> [Data block]:
╔══

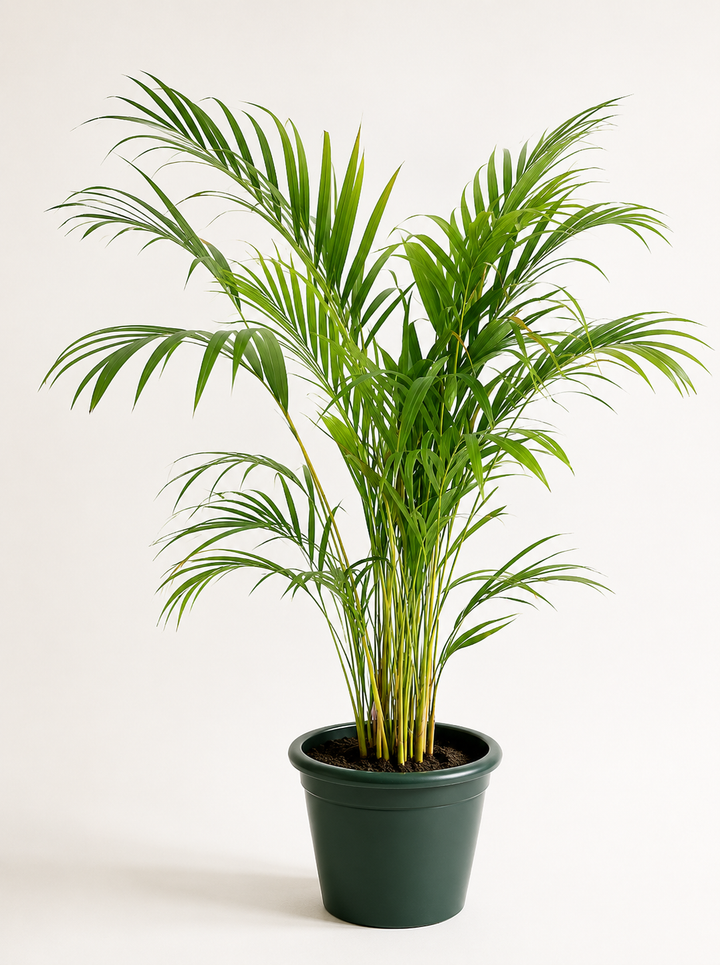 Andrea XL (Palmera Areca)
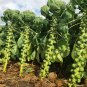 Catskill Brussel Sprouts Seeds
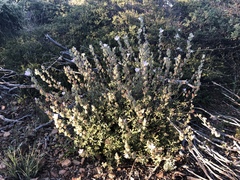 Sidalcea hickmanii anomala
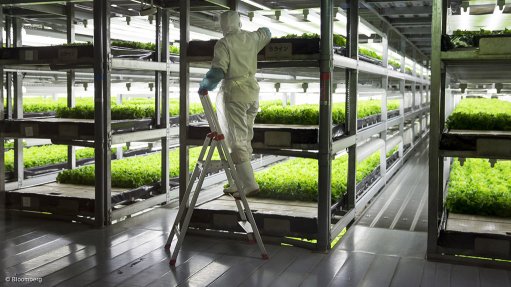 Skyscraper farms are about to go global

╚══

> [Exercise requirements]:
Reproduce the data word for word; no pictures.

> [Problem solution]:
 Andrea XL (Palmera Areca)
 Catskill Brussel Sprouts Seeds
 Sidalcea hickmanii anomala
 Skyscraper farms are about to go global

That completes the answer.